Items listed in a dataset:
-------
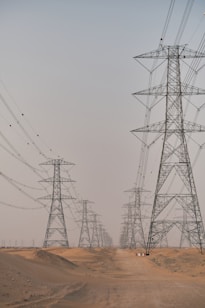 A series of large electricity pylons extends into the distance over a sandy desert landscape. The pylons are evenly spaced and connected by numerous power lines. The sky above is clear and pale, contributing to the sense of openness and expanse.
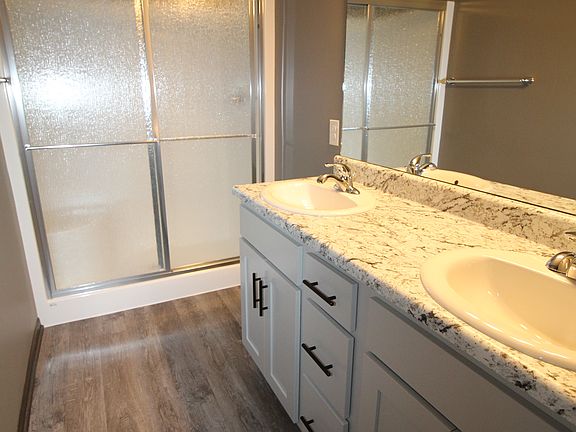 Image shows upgraded flooring and cabinets.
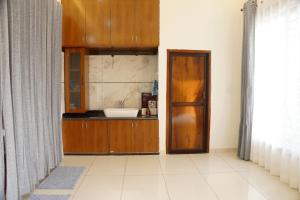 a bathroom with a sink and a wooden cabinet at Meg's Homestay in Jairāmpura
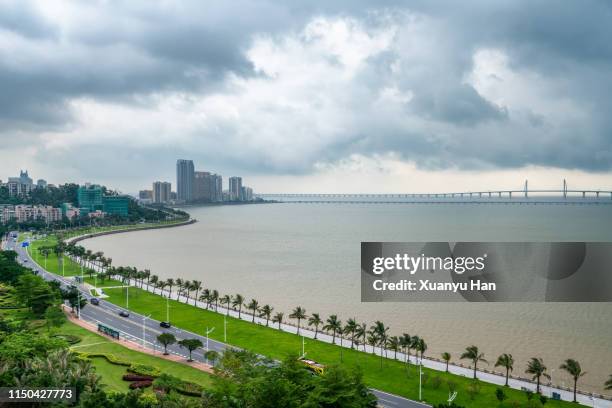 landscape of zhuhai city and hong kong-zhuhai-macao bridge - zhuhai foto e immagini stock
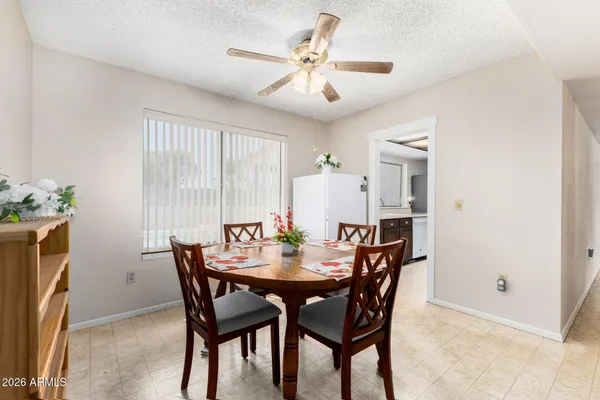 a view of a dining room with furniture and window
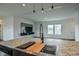 Open concept living area with tv, kitchen sink, and large windows at 100 Cottonwood Ct, Kenly, NC 27542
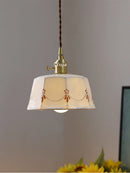 suspension élégante en laiton et céramique moderne pour votre intérieur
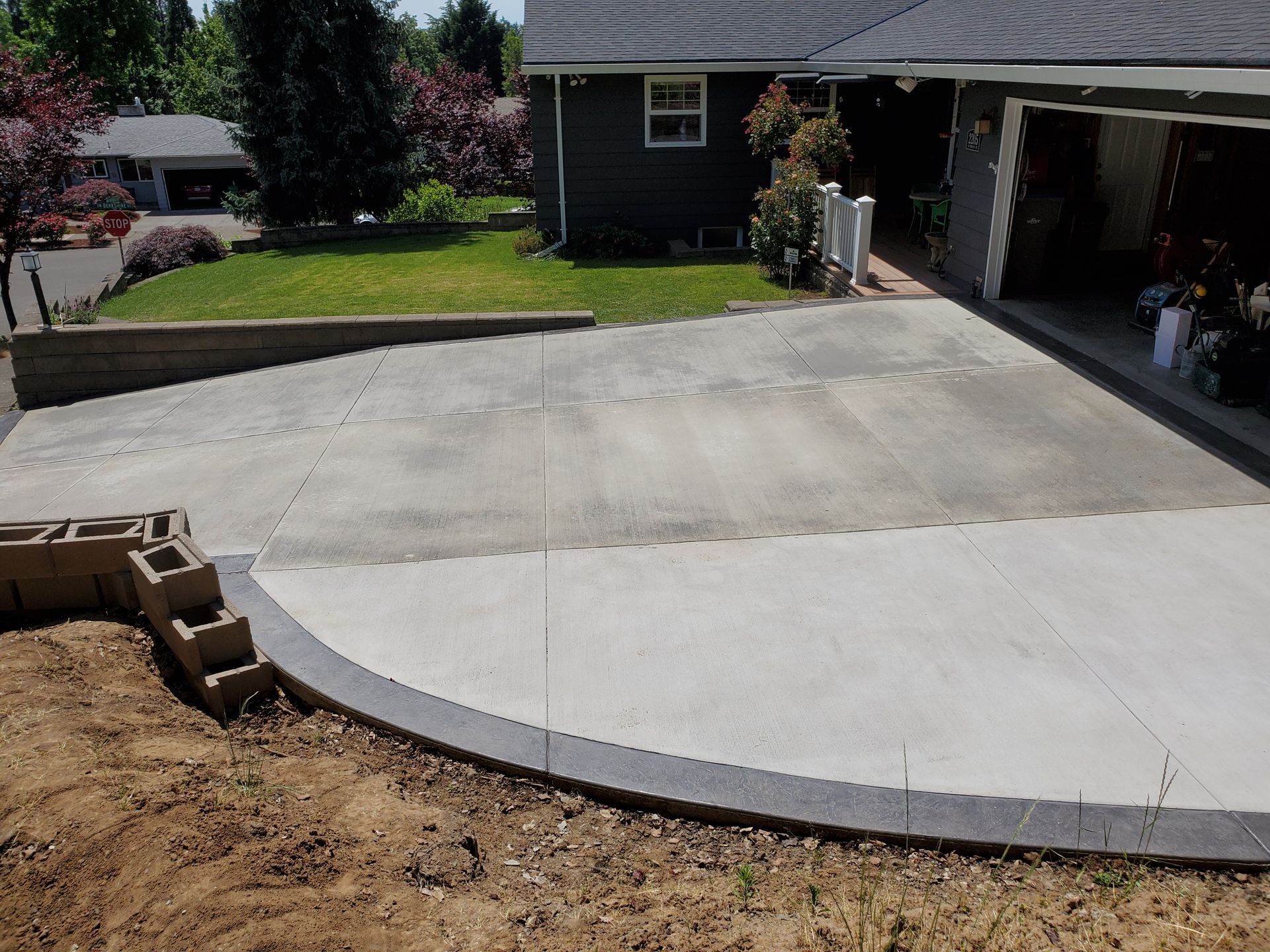 Concrete driveway with gray trim next to a house with a green lawn and shrubs.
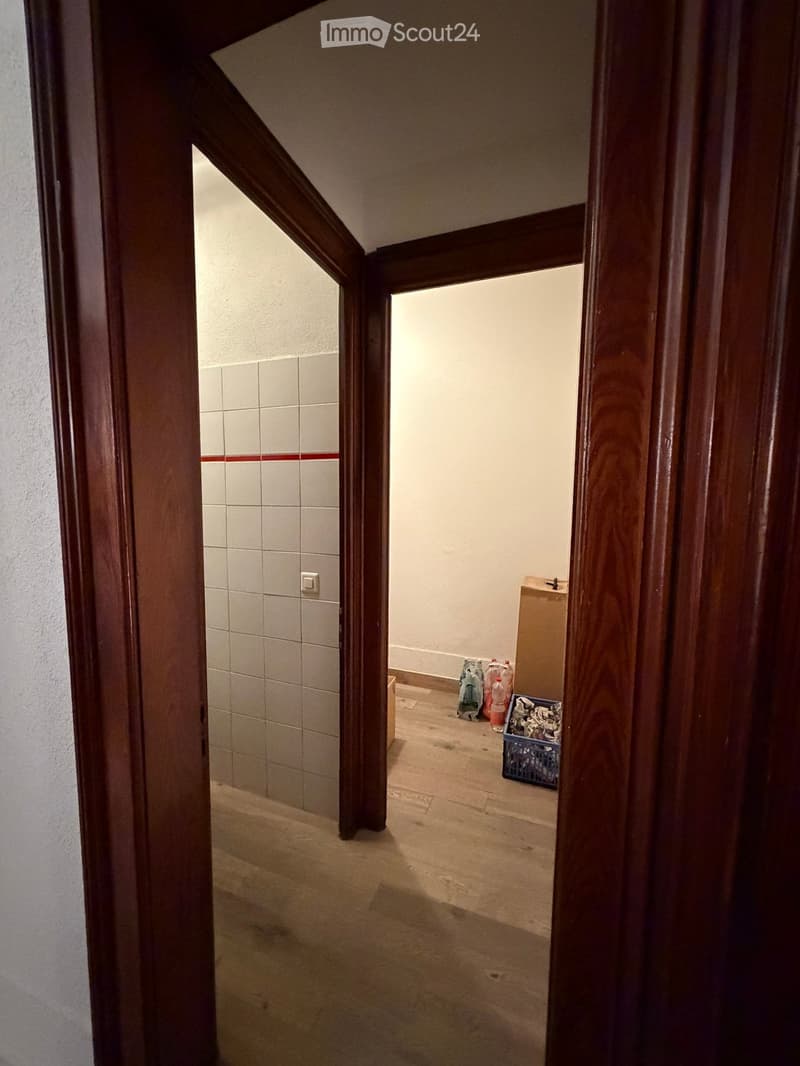Empty hallway with wooden doors, tiled wall, and light-colored floor. No furniture or items visible.
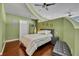 Modern main bedroom with wood floors, neutral bedding, and bedside storage at 155 S Court Ave # 1909, Orlando, FL 32801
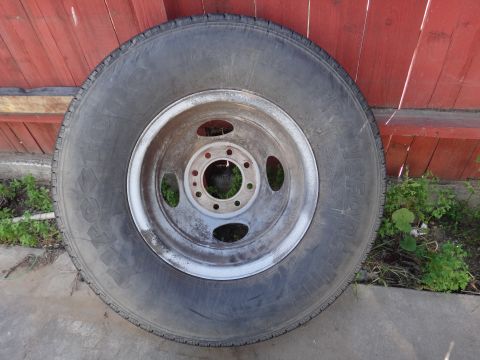 1995 Chevrolet P30 1 Ton - Step Van - A single tire and wheel assembly is shown resting against a wooden fence with some greenery around it.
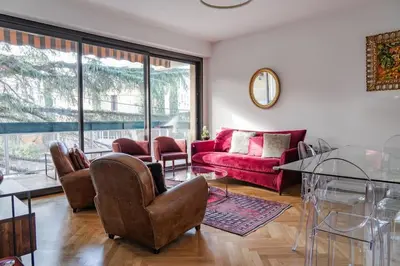 a living room with a red couch and chairs at T3 Centre ville Aix-en-Provence in Aix-en-Provence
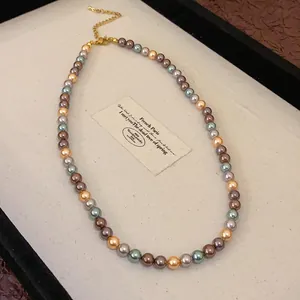 Exquisite detail of a French vintage multi-colored pearl necklace laid in a jewelry tray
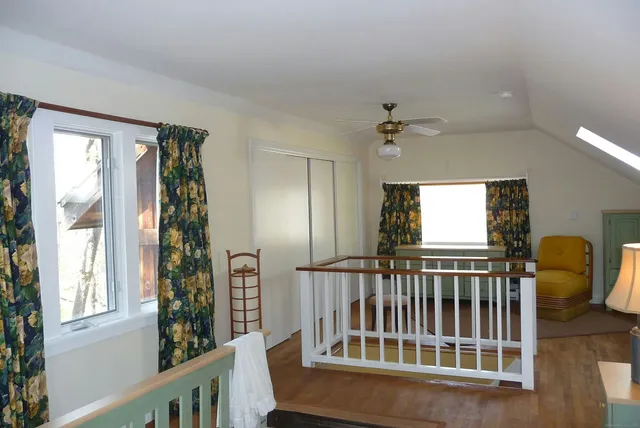 a view of entryway with a window and wooden floor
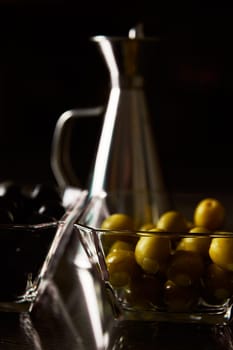Close-up of glass bowls containing green and black olives, paired with a silver oil cruet, under dramatic lighting.
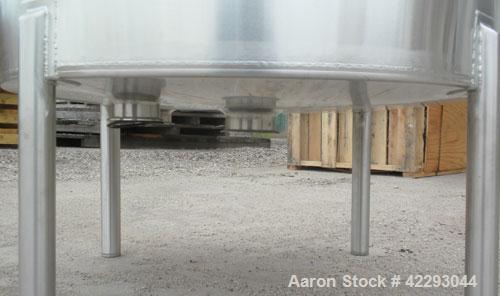 Used Hartel Tank, 200 Gallon, 304 Stainless Steel, Vertical. 36" Diameter x 48" straight side. Flat top and bottom. Openings: top 1-1/2" tri-clamp, 2" tri-clamp, 3" tri-clamp, 6" tri-clamp, 16" manwa...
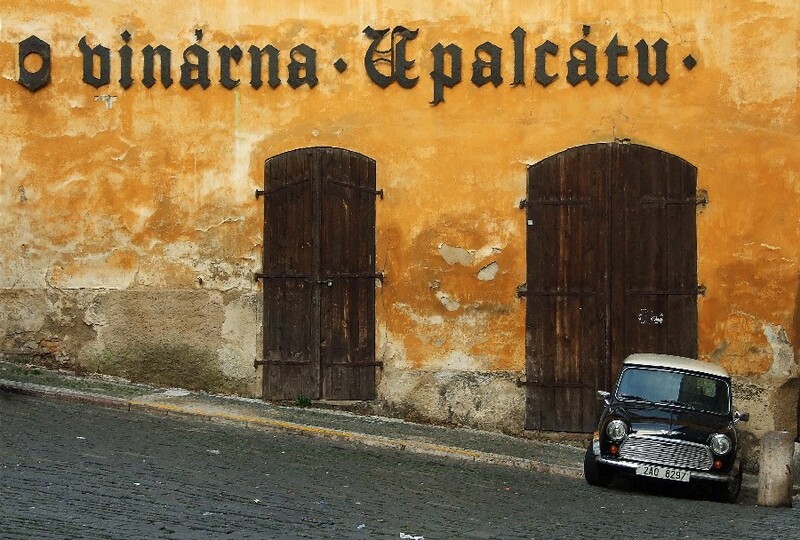 Weathered yellow ochre wall with two dark wooden doors and a vintage car parked in front.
-------
→ WORK ITEM: From the records above, copy exactly the lines starting at the one with "a bathroom with" and ending at the one with "Exquisite detail of", and no others. Pictures stay out.

→ TASK ANSWER:
 a bathroom with a sink and a wooden cabinet at Meg's Homestay in Jairāmpura
 landscape of zhuhai city and hong kong-zhuhai-macao bridge - zhuhai foto e immagini stock
 a view of a dining room with furniture and window
 Open concept living area with tv, kitchen sink, and large windows at 100 Cottonwood Ct, Kenly, NC 27542
 suspension élégante en laiton et céramique moderne pour votre intérieur
 Concrete driveway with gray trim next to a house with a green lawn and shrubs.
Empty hallway with wooden doors, tiled wall, and light-colored floor. No furniture or items visible.
 Modern main bedroom with wood floors, neutral bedding, and bedside storage at 155 S Court Ave # 1909, Orlando, FL 32801
 1995 Chevrolet P30 1 Ton - Step Van - A single tire and wheel assembly is shown resting against a wooden fence with some greenery around it.
 a living room with a red couch and chairs at T3 Centre ville Aix-en-Provence in Aix-en-Provence
 Exquisite detail of a French vintage multi-colored pearl necklace laid in a jewelry tray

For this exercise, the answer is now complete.